Be of good cheer, I am a mighty bolt
To keep this fear away from you.
And, in another place, he has given an anchor the name of ἰσχὰς or the holder, because it κατέχει, holds the ship—
And the sailors let out the holder of the ship.
And Demades the orator said that Ægina was the "eyesore of the Peiræus," and that Samos was "a fragment broken off from the city." And he called the young men "the spring of the people;" and the wall he called "the garment of the city;" and a trumpeter he entitled "the common cock of the Athenians." But this word-hunting sophist used all sorts of far more far-fetched expressions. And whence, O Ulpian, did it occur to you to use the word κεχορτασμένος for satiated, when κορέω is the proper verb for that meaning, and χορτάζω means to feed?
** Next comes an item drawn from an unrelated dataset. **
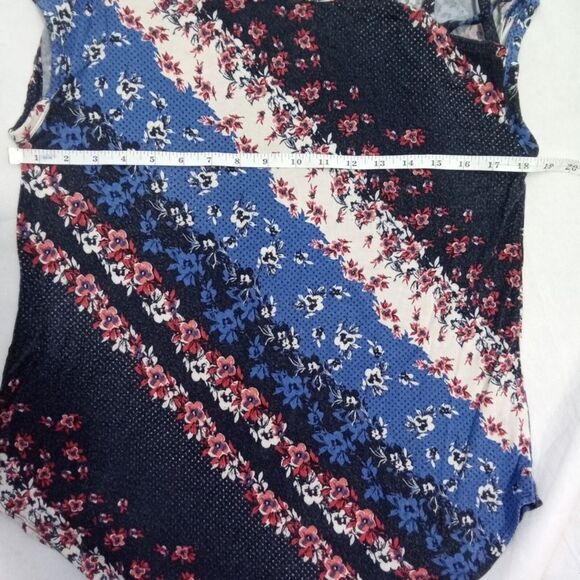 24/7 by‎ maurices women medium floral criss-cross blue Short Sleeve - Picture 12 of 14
56. In reply to this Ulpian said with a cheerful laugh,—But do not bark at me, my friend, and do not be savage with me, putting on a sort of hydrophobia, especially now that this is the season of the dog-days. You ought rather to fawn upon and be gentle towards your messmates, lest we should institute a festival for dog killing, in the place of that one which is celebrated by the Argives. For, my most sagacious gentleman, χορτάζομαι is used by Cratinus in his Ulysses in this way:—
You were all day glutting yourselves with white milk.
And Menander, in his Trophonius, uses the word χορτασθεὶς in the same sense. And Aristophanes says in his Gerytades—
Obey us now, and glut us with your melodies.
And Sophocles in his Tyro has—
And we received him with all things which satisfy (πάγχορτα).